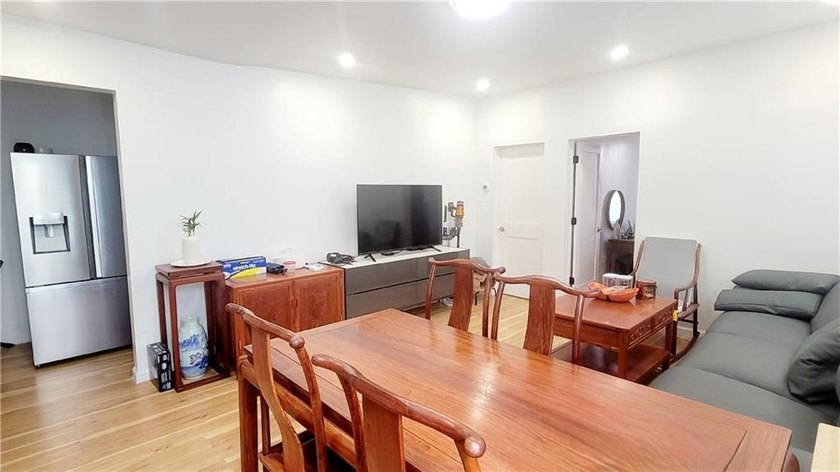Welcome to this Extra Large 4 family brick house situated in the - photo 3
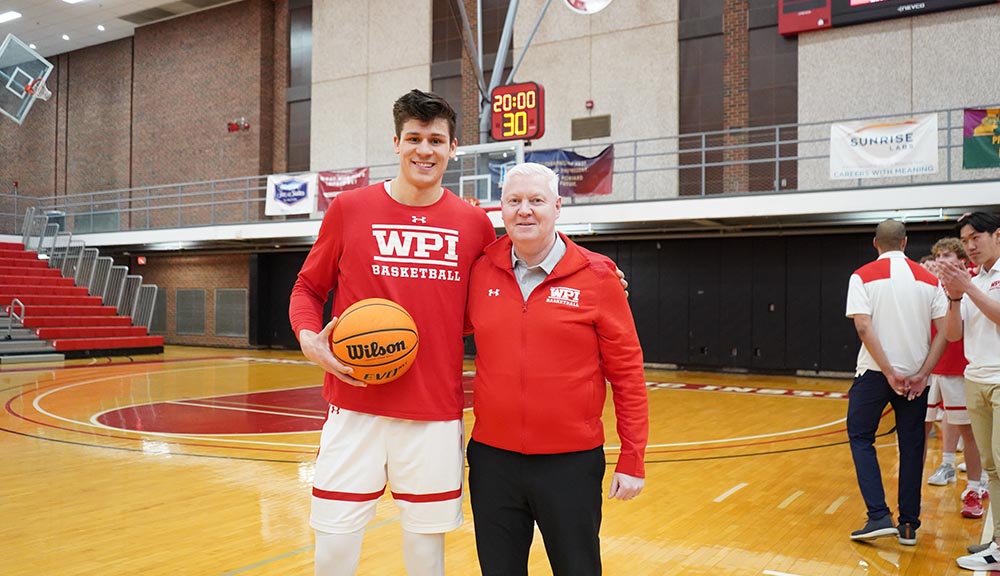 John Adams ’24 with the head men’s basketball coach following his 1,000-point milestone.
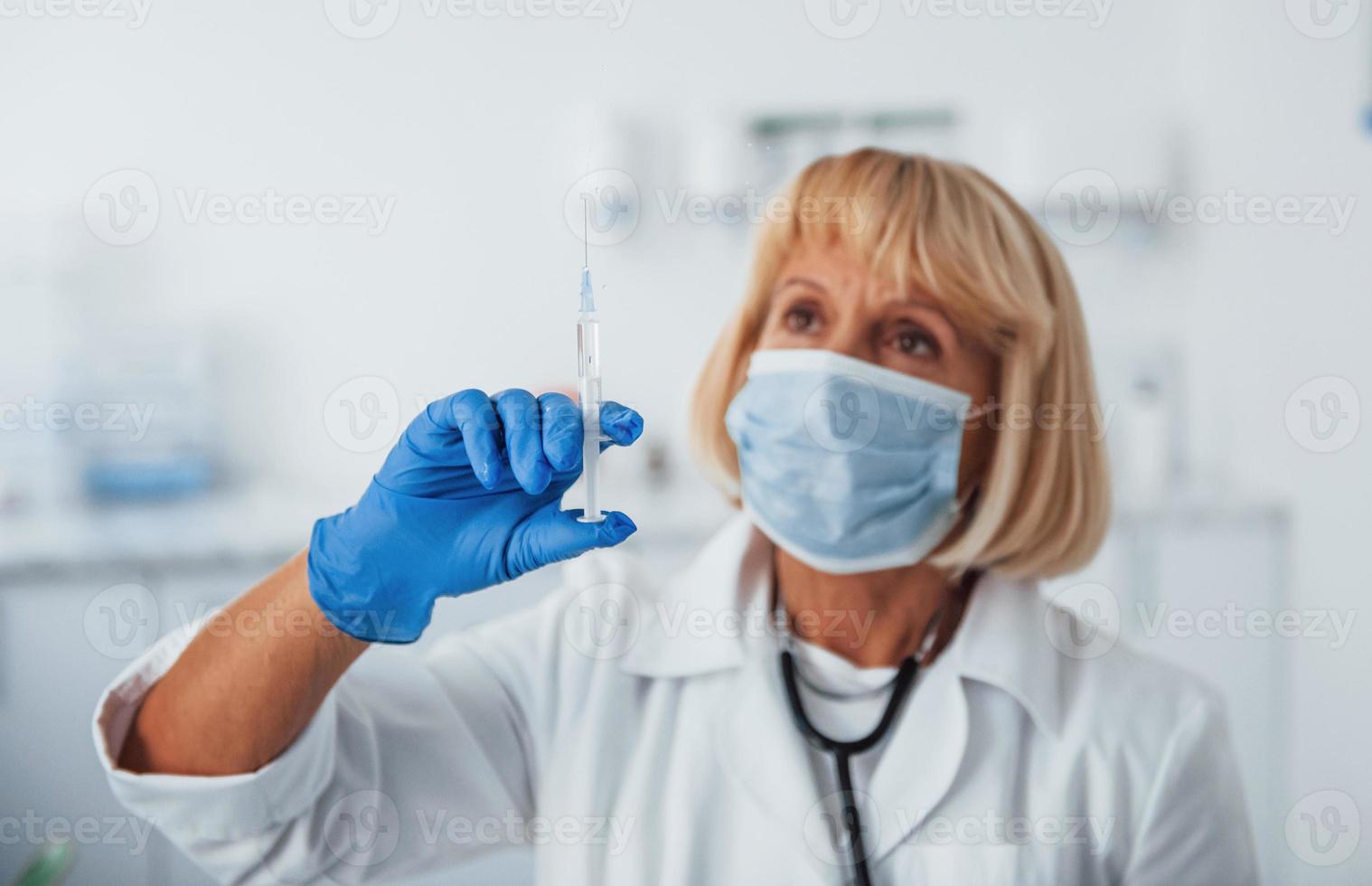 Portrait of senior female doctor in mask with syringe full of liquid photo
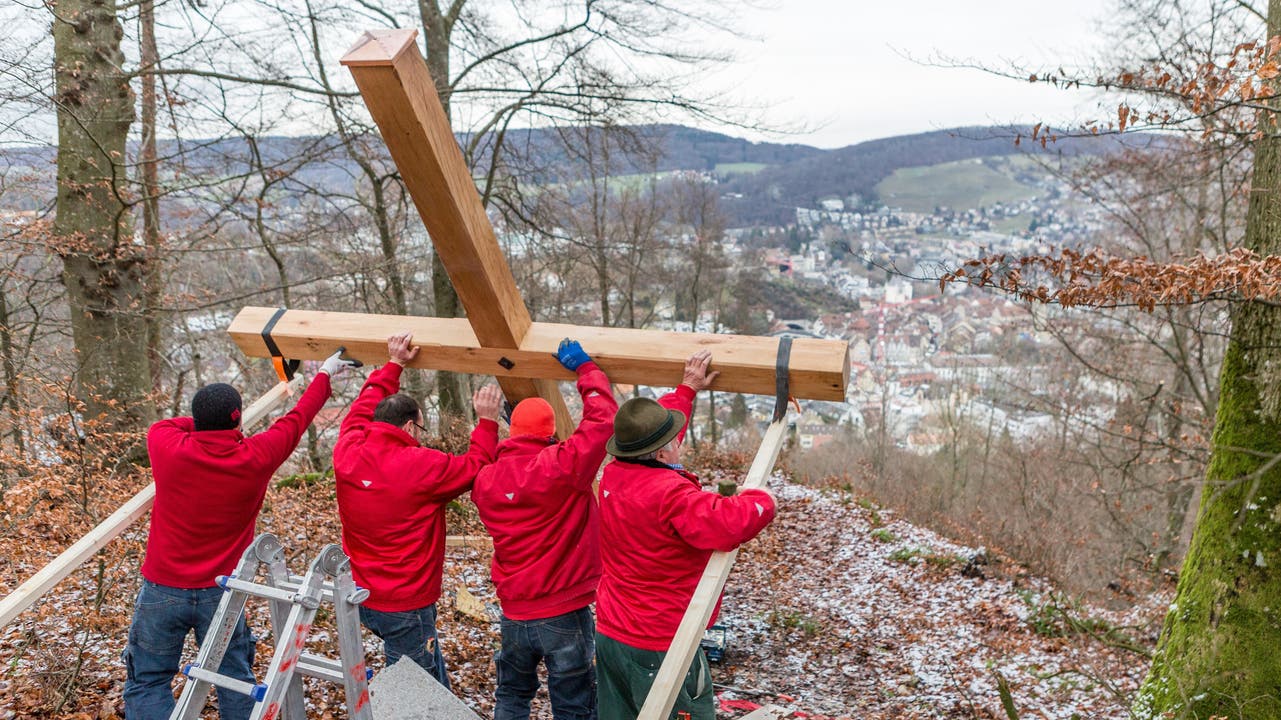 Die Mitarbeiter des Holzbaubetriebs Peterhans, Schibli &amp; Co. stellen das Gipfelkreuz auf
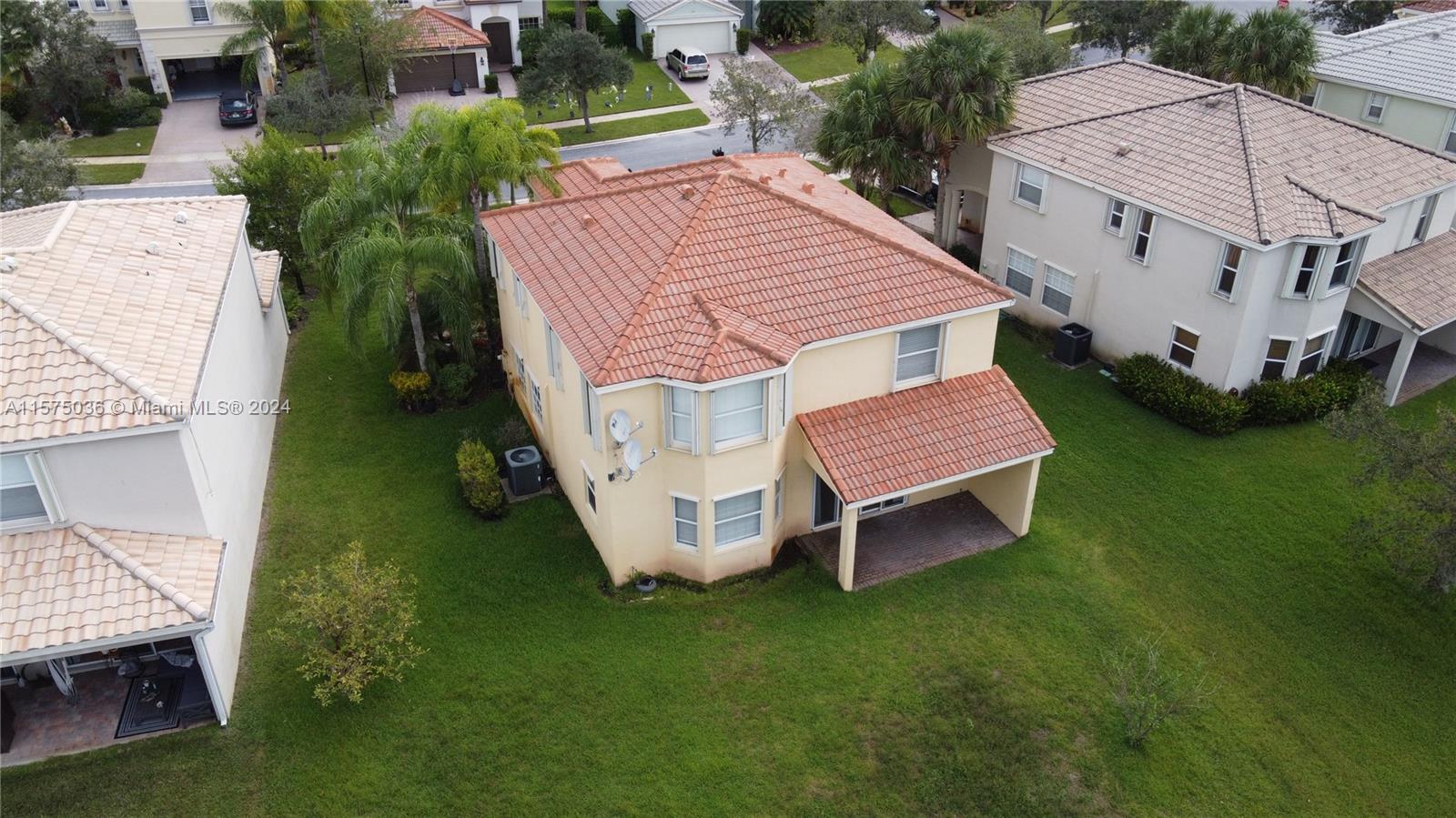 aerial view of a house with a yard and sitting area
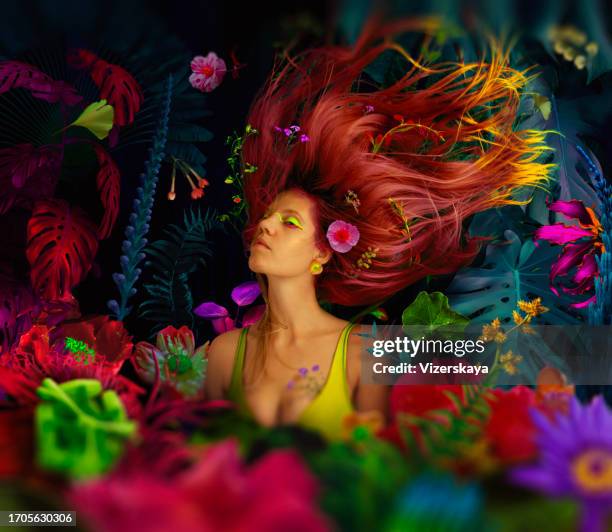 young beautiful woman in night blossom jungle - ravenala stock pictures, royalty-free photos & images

* _ASSIGNMENT_:
From the first line to the last, repeat the material exactly, but drop the pictures.

* _ANSWER TO THE PROBLEM_:
Welcome to this Extra Large 4 family brick house situated in the - photo 3
 John Adams ’24 with the head men’s basketball coach following his 1,000-point milestone.
 Portrait of senior female doctor in mask with syringe full of liquid photo
 Die Mitarbeiter des Holzbaubetriebs Peterhans, Schibli &amp; Co. stellen das Gipfelkreuz auf
 aerial view of a house with a yard and sitting area
 young beautiful woman in night blossom jungle - ravenala stock pictures, royalty-free photos & images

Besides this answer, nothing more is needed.